*Problem to solve*:
Take the lines below beginning at the line that has "Vredestein Gocycle 50-406" and stopping after the line that has "1315 NE 70th Street, Seattle, WA 98115", and print them exactly as they are, with no other lines.

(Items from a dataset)
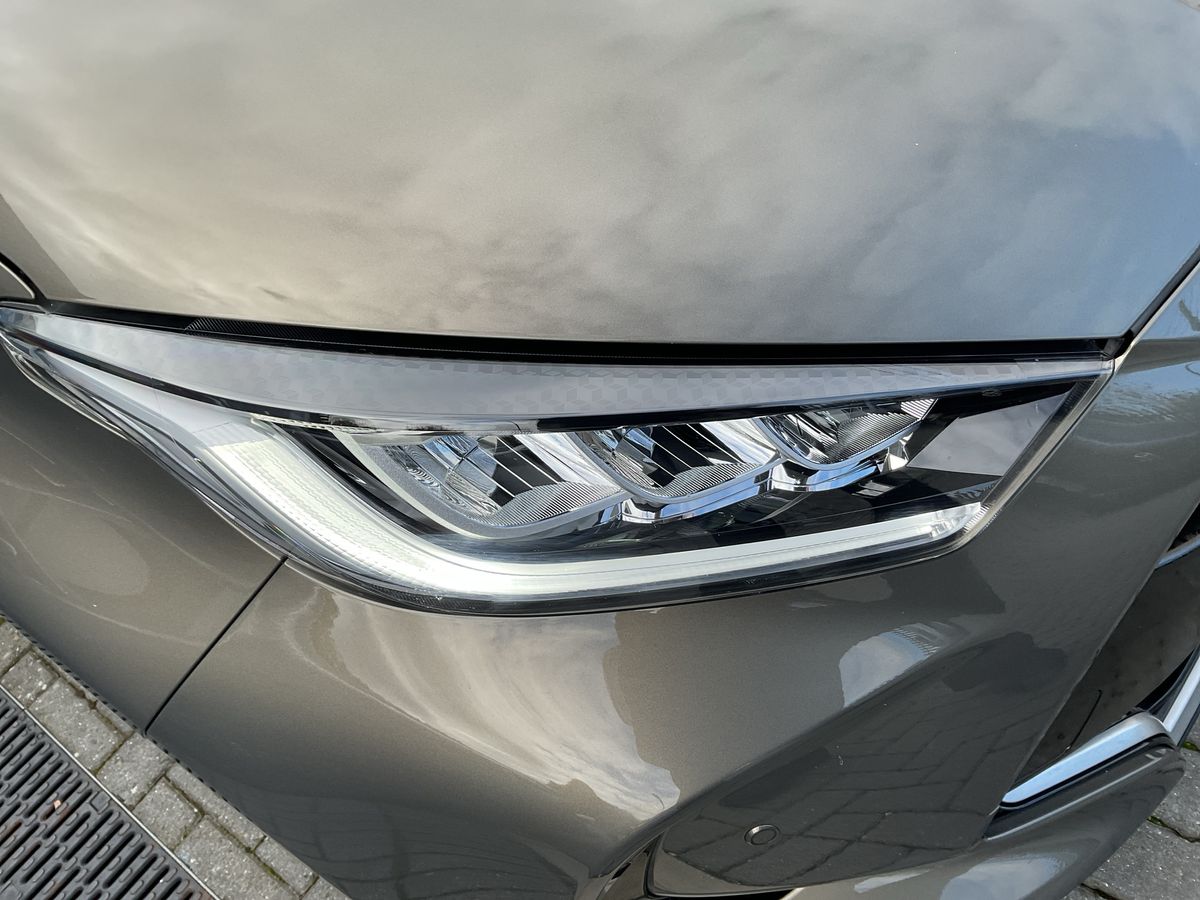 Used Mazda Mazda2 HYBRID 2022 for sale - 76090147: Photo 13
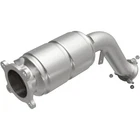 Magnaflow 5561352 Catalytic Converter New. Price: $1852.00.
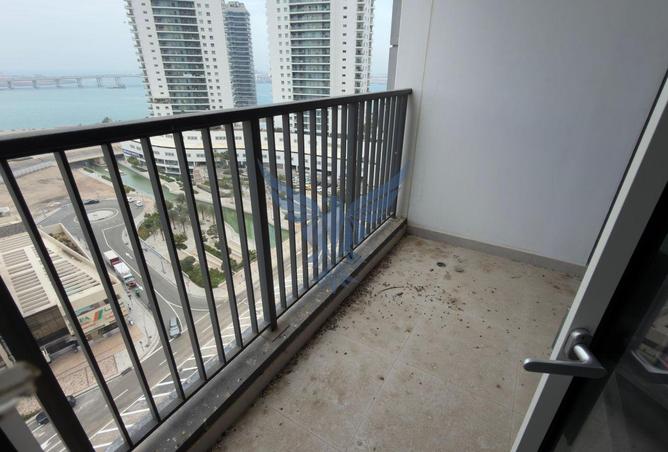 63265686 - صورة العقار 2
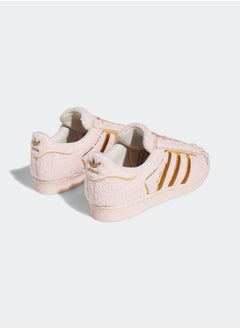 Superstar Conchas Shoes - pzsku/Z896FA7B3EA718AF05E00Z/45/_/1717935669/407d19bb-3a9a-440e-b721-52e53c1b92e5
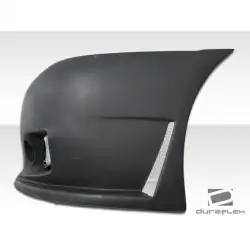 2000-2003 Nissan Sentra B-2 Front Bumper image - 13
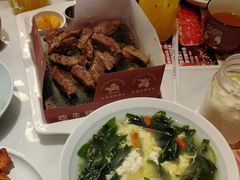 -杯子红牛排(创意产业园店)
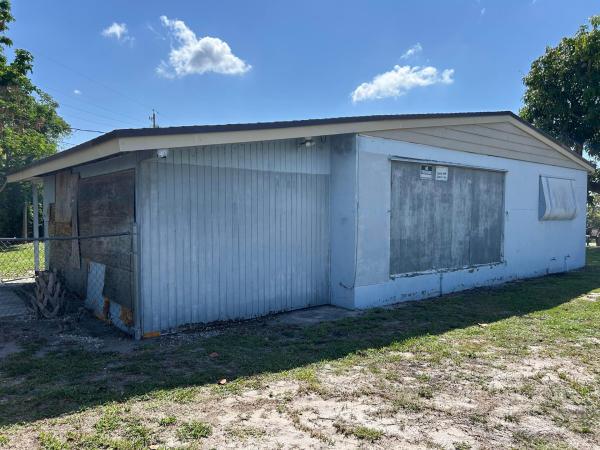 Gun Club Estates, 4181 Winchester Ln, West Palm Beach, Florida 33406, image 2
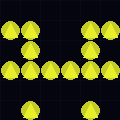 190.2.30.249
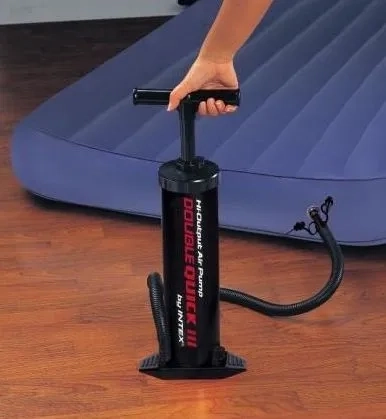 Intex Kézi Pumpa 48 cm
==
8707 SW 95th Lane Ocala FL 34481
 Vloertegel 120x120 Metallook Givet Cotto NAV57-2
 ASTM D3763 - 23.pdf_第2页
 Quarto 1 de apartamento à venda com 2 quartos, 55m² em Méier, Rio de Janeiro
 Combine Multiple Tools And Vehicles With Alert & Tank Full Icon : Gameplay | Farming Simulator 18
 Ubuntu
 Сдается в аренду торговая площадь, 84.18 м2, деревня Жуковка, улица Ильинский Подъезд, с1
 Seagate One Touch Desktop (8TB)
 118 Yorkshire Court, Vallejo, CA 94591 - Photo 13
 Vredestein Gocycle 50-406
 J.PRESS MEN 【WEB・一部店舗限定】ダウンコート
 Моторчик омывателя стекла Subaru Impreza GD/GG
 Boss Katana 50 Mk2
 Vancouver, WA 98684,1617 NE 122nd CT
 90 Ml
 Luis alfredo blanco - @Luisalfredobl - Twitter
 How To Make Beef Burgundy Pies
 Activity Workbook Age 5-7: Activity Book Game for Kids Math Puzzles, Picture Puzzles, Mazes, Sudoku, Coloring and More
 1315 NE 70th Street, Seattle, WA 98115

*Task response*:
 Vredestein Gocycle 50-406
 J.PRESS MEN 【WEB・一部店舗限定】ダウンコート
 Моторчик омывателя стекла Subaru Impreza GD/GG
 Boss Katana 50 Mk2
 Vancouver, WA 98684,1617 NE 122nd CT
 90 Ml
 Luis alfredo blanco - @Luisalfredobl - Twitter
 How To Make Beef Burgundy Pies
 Activity Workbook Age 5-7: Activity Book Game for Kids Math Puzzles, Picture Puzzles, Mazes, Sudoku, Coloring and More
 1315 NE 70th Street, Seattle, WA 98115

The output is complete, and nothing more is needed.